Regarding the piece Rajeev posted from Sanjeev Nayyar about India's courts, and just some of my broader thoughts on courts and minorityism - I wanted to note the following:
Courts/judiciaries want to protect minorities from oppression by the majority. Given the history of smaller groups being at a disadvantage to be crushed by larger majorities, there's reason to want some protections to exist. But there's also another history - a history of imperialism whereby larger/powerful groupings show up in a locality to subjugate it from outside. Laws regarding treatment of minorities have been framed without giving adequate consideration to the special type of minority who are trans-nationalists - ie. having an affinity to similar people living outside the country. In that case, the so-called "minority" is really just the tip of a larger iceberg - part of a larger whole, like the camel which has poked its nose inside a tent. Courts/judiciaries only see the nose, and think that's all there is to see. They don't see the larger camel attached to that nose, and its presence/effect.

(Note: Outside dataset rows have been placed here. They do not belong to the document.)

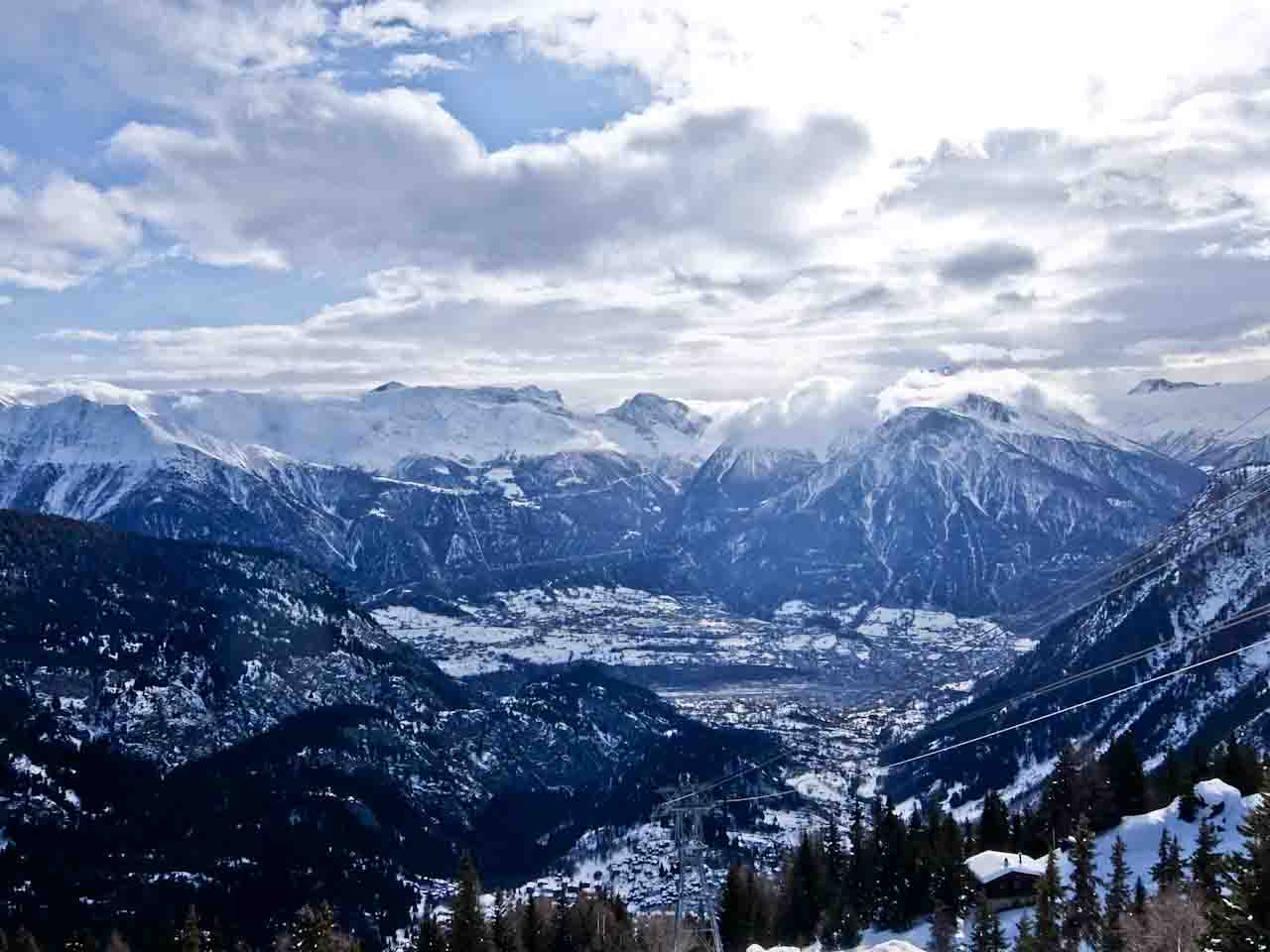Rupert Parker Dons His Snowshoes As He Offers Up  His Guide to Winter Adventures In Valais.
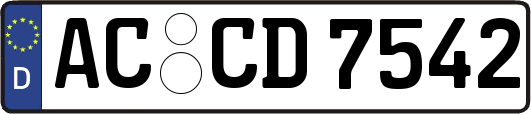 AC-CD7542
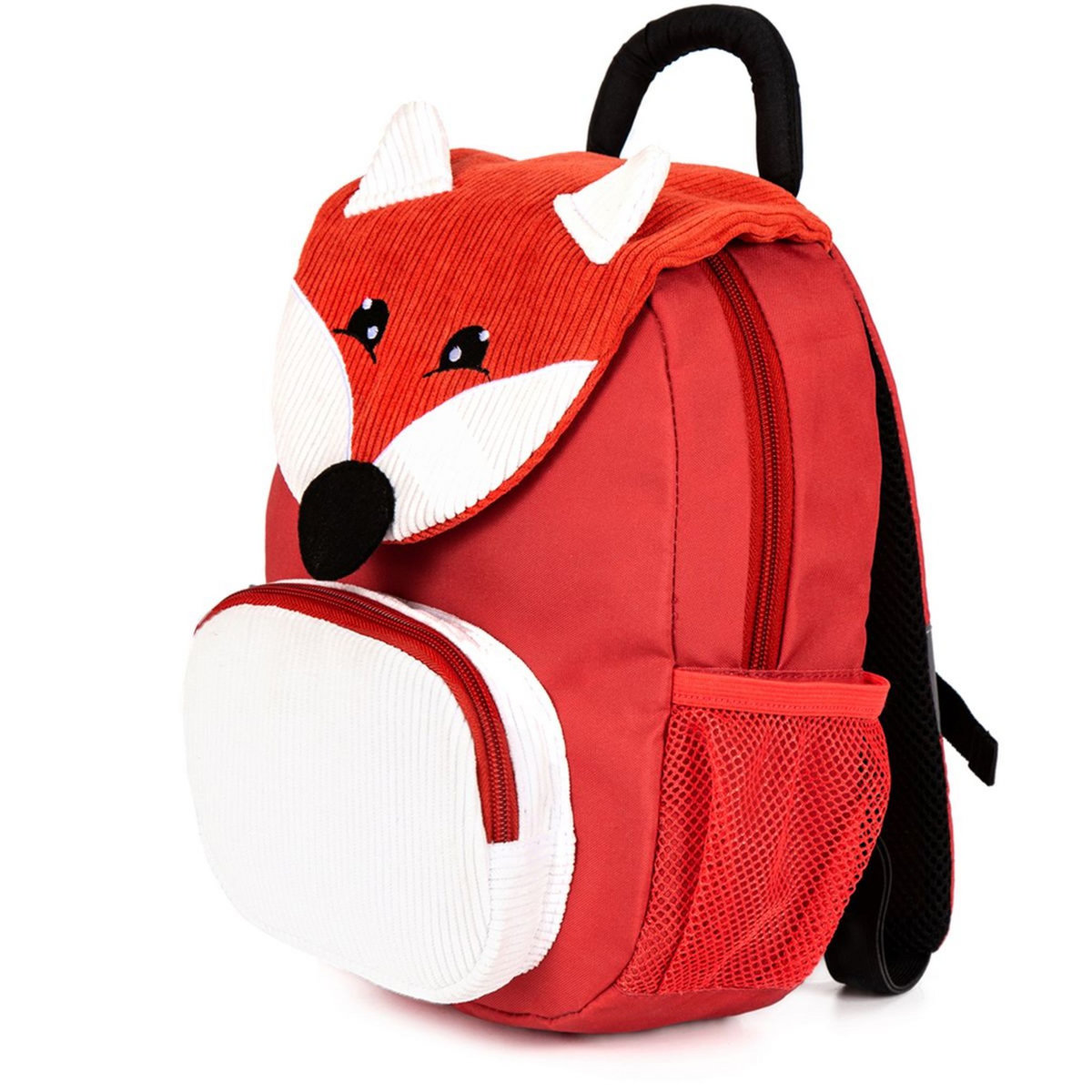 AUCHAN Sac maternelle rouge RENARD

There are genuine minorities who have no attachments outside of national borders - they are true minorities, in the truest sense of that word. But trans-nationalists who identify with a larger whole really aren't minorities at all. They continue to maintain and pursue their attachments with their larger whole, and it's the locals who aren't part of that who are at a relative disadvantage to that. It's for this reason that the minorities are able to dominate the narrative and portray local nationalists as a "big, bad majoritarians". The rise of trans-nationalism has continued to further this game.
Nationalists of different countries likewise then need to be able to reach out and coordinate with each other, in order to seize back the narrative and fend off the expansionist tendencies of trans-nationalist groups.